South Africa is considered among the world’s biggest greenhouse gas polluter about 440m tons emitted annually, according to 2008 estimates by the United States’ Carbon Dioxide Information Analysis Center. Given his position in term of gas polluter in the world, low carbon economy  is the main objective of the introduction of carbon tax in SA.

 According to the Finance Minister, “The Development Plan further calls on government to send a signal to industry and consumers that we are living in an environmentally stressed world and so Government proposes to price carbon by way of a carbon tax at the rate of R120 per ton of CO2 equivalent, effective from 1 January 2015”. An annual escalation of 10% is proposed thereafter. “To soften the impact on the business, a tax-free exemption threshold of 60 per cent will be set, with additional allowances for emissions intensive and trade-exposed industries”. Industries to be subject to the carbon tax include electricity, petroleum, iron, steel and aluminium. Some sectors will be granted a relief of up to 80% and this will be the case for the Iron & steel, glass & ceramics, cement, chemicals and aluminium. Pulp & paper, petroleum & oil refining and sugar will have a relief of 70%. “The agricultural sector will receive 100% relief and no extra relief for non-renewable electricity generation”.

Furthermore, Mr Pravin Gordon noted that “to ensure that South Africa produces fuel that is more environmentally friendly, support mechanisms for both biofuel production and the upgrade of oil refineries to cleaner fuel standards will be introduced”. In addition, the Finance minister insists that government will continue to direct spending towards environmental programmes, such as installing solar water geysers, procuring renewable energy, low carbon public transport, cleaning up derelict mines, addressing acid mine drainage, supporting our national parks.

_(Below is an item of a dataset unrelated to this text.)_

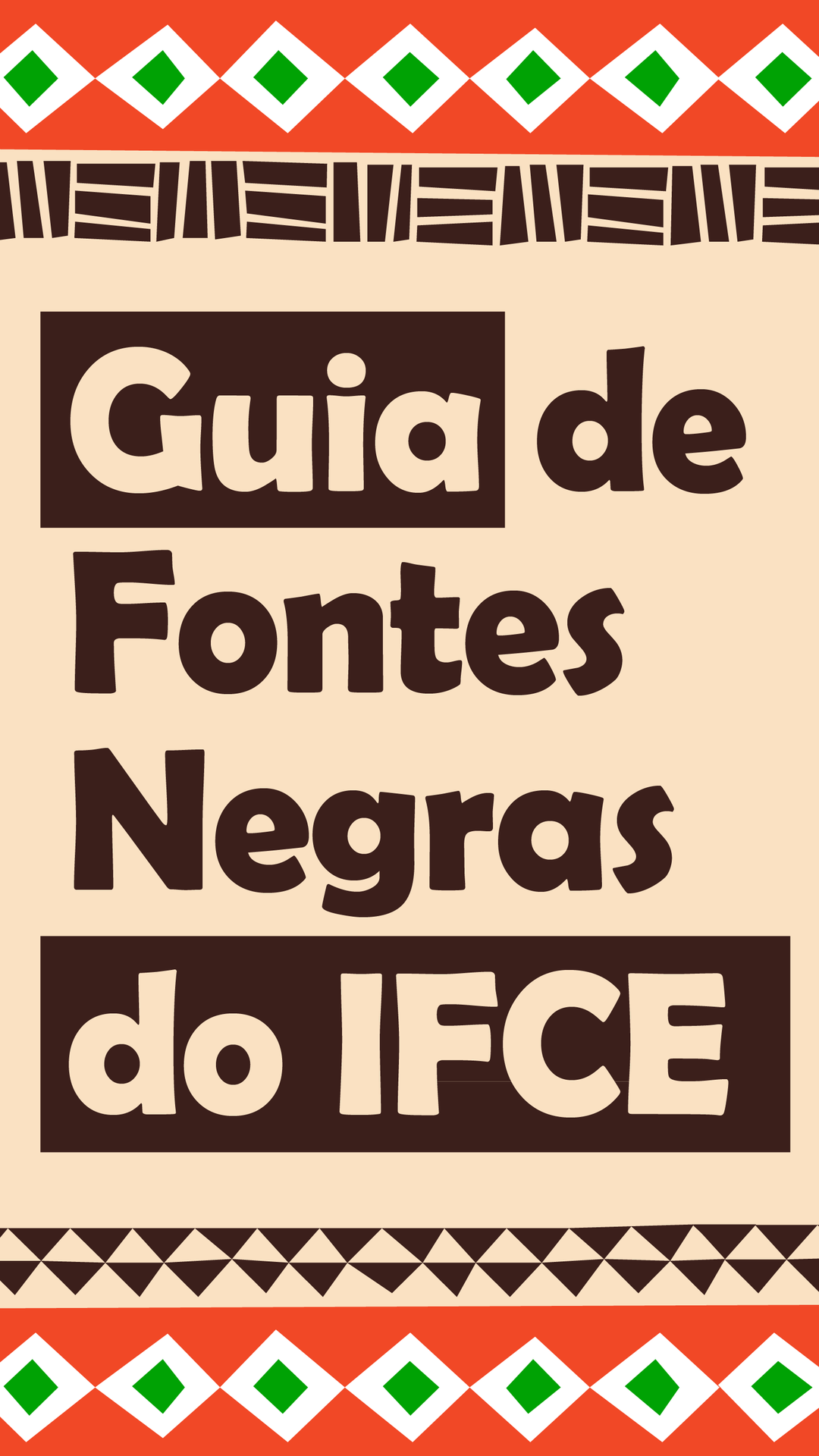 Guia de fontes_insta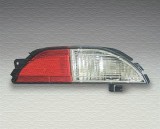 MAGNETI MARELLI 712201351110 Lampa mers inapoi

The easy question that many observers are asking is that of knowing as to whether the Treasury first motive is to reduce carbon emissions or to create a new source of fiscal revenue? The business world in South Africa  still much divided to answer that question. South African’s officials however, insist by making it clear that “the primary motive is to reduce carbon emissions and not to create another source of tax revenue”. According to the Treasury, South Africa aims to reduce its carbon emissions by 34 percent by 2020 and by 42 percent by 2025.

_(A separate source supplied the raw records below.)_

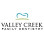 Valley Creek Family Dentistry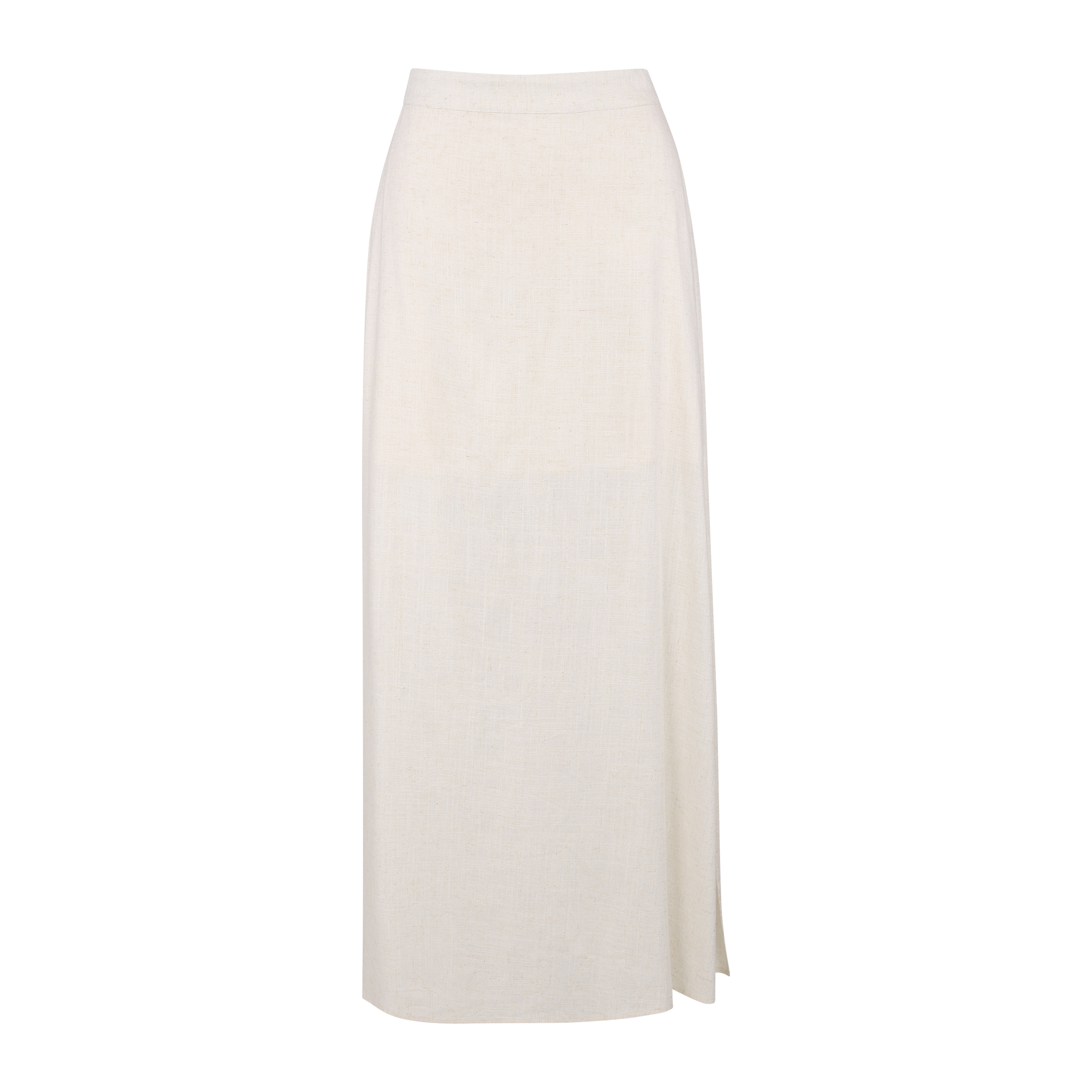 Urban Pioneers Female Bekky Skirt SKIRT LIGHT SAND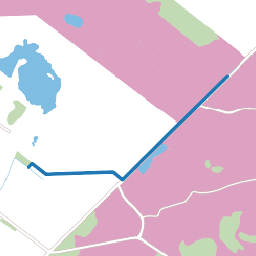 Perceel DGL00-L-2248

Current trends in carbon emissions show that more than 70% of the country’s carbon emissions are from coal; followed by oil, cement and other sectors. Is the carbon tax not going to affect the economic growth in South Africa? That’s another debatable question, given the fact that the country relies heavily on the electricity produced from coal. The national electricity utility (Eskom), will definitely pass on the cost of the carbon tax to the electricity users, which will put additional burden on the consumers shoulders.

These debatable questions and many others will hopefully find answers with the full clarity on the carbon tax set to be available once the treasury releases a final discussion document on carbon tax.

Meanwhile, it is good to know that South Africa is not the first country to introduce the carbon tax. Finland did it since1990; Canada and United States are among them. South Africa will join more than 10 countries or carbon trading schemes.